--- WHAT TO WORK ON ---
Please repeat exactly the lines below from the line with "Heckman’s Canadian Pacific" to the line with "The proud person", including both, and leave out every picture.

--- GIVEN DATA ---

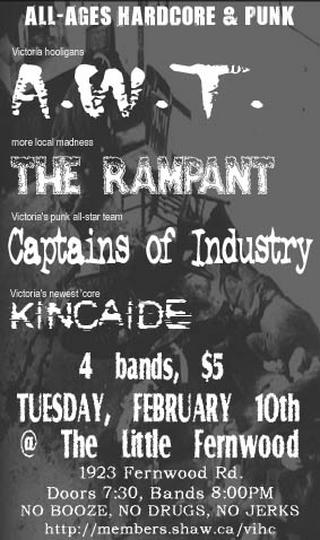 All-ages hardcore and punk!: Alcoholic White Trash, The Rampant, Captains of Industry, Kincaide @ Paul Phillips Hall (Little Fernwood) Feb 10 2004 - May 5th @ Paul Phillips Hall (Little Fernwood)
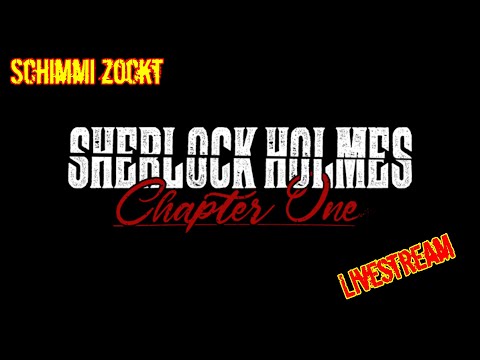 Nähern wir uns dem Ende?! #7 - Sherlock Holmes Chapter One (deutsch) - 17.11.2024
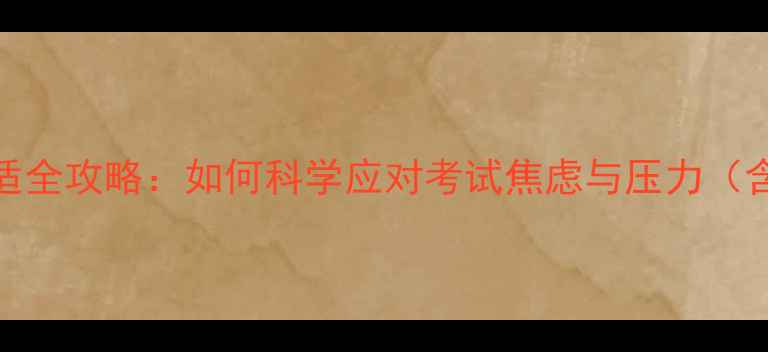 图片 中考考前心理调适全攻略：如何科学应对考试焦虑与压力（含家长必读指南）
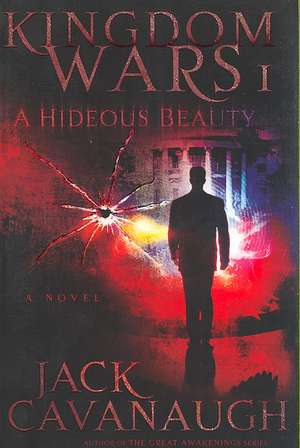 A Hideous Beauty: Kingdom Wars I de Jack Cavanaugh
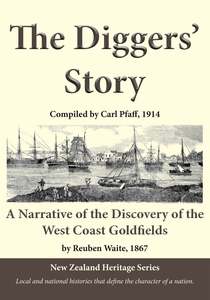 West Coast South Island History: The Diggers' Story by Carl Pfaff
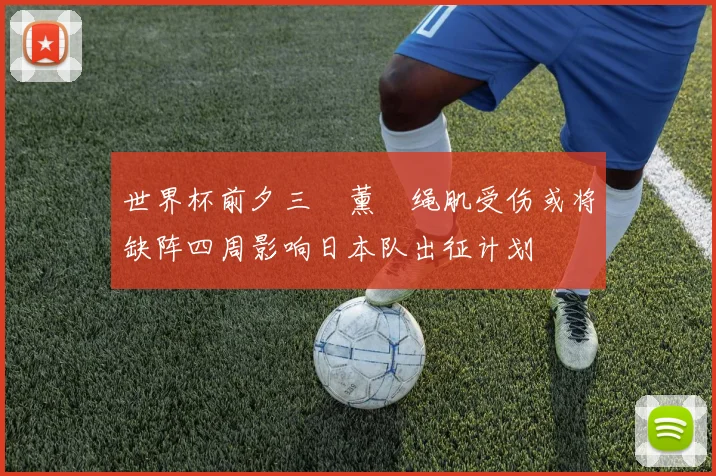 世界杯前夕三笘薰腘绳肌受伤或将缺阵四周影响日本队出征计划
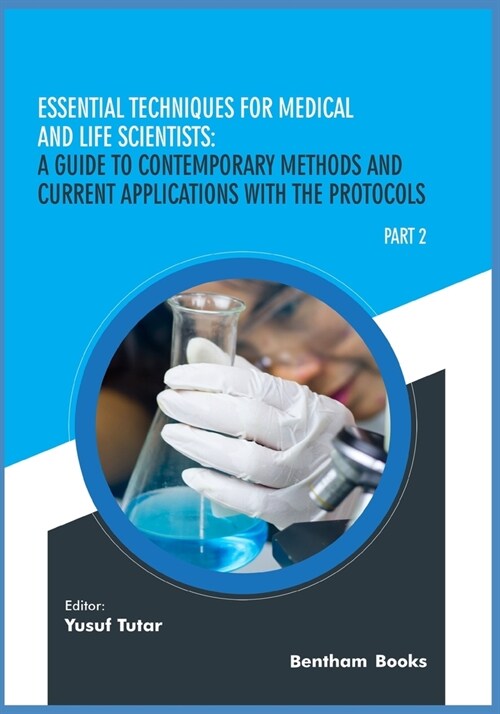 Essential Techniques for Medical and Life Scientists: A guide to contemporary methods and current applications with the protocols: Part 2 (Paperback)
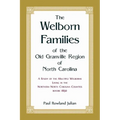 The Welborn Families of the Old Granville Region of North Carolina: A Study of the Multiple Welborns living in the Northern North Carolina Counties be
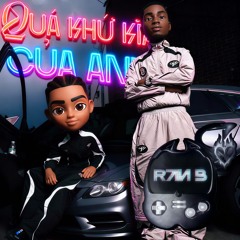 QUÁ KHỨ KIA CỦA ANH | Ran B Remix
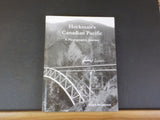 Heckman’s Canadian Pacific by Ralph Beaumont A photographic Journey Hard Cover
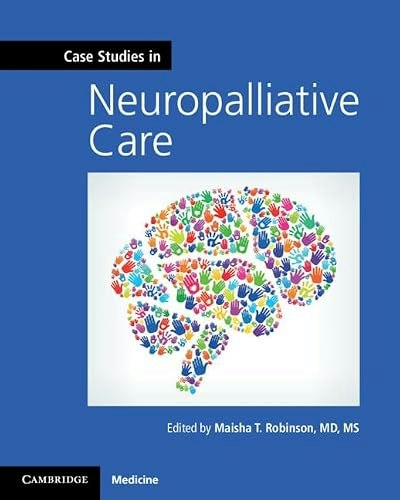 Case Studies in Neuropalliative Care: $19.99 Case Studies in Neuropalliative Care: $19.99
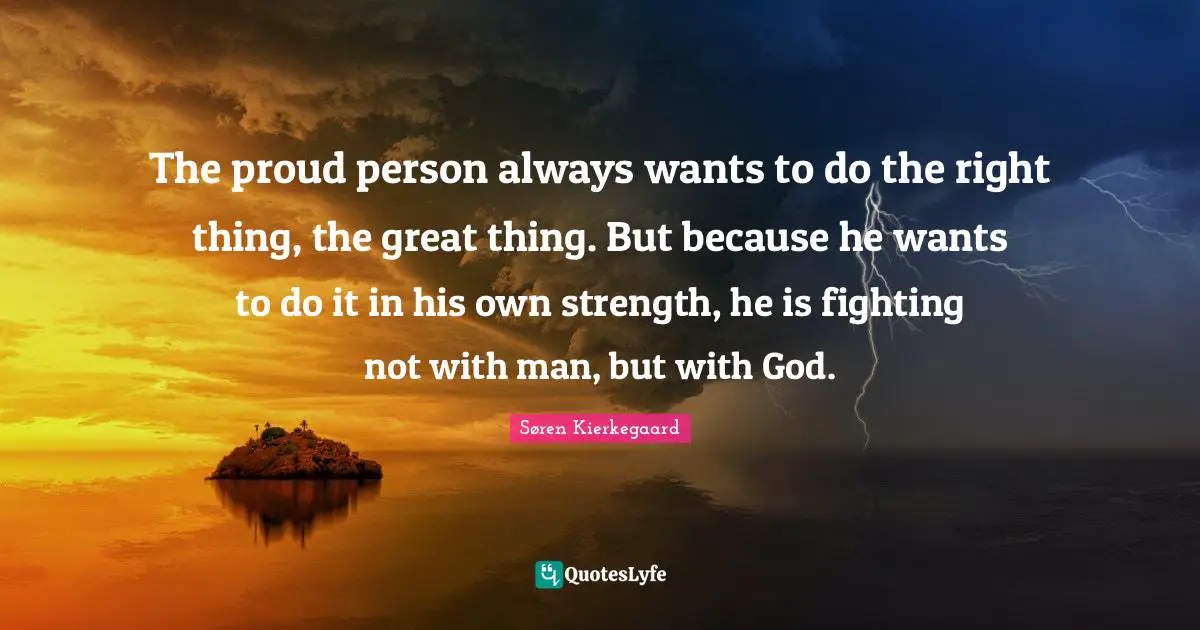 The proud person always wants to do the right thing, the great thing. But because he wants to do it in his own strength, he is fighting not with man, but with God.
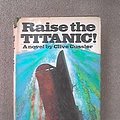 Cover Art for 9780670589333, Raise the Titanic! by Clive Cussler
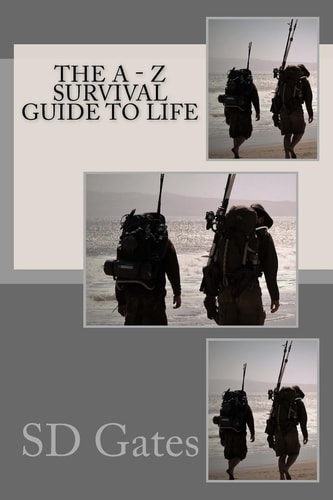 The a - Z Survival Guide to Life For Young Men Just Starting Out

--- SOLUTION FOR THIS TASK ---
 Heckman’s Canadian Pacific by Ralph Beaumont A photographic Journey Hard Cover
 Case Studies in Neuropalliative Care: $19.99 Case Studies in Neuropalliative Care: $19.99
 The proud person always wants to do the right thing, the great thing. But because he wants to do it in his own strength, he is fighting not with man, but with God.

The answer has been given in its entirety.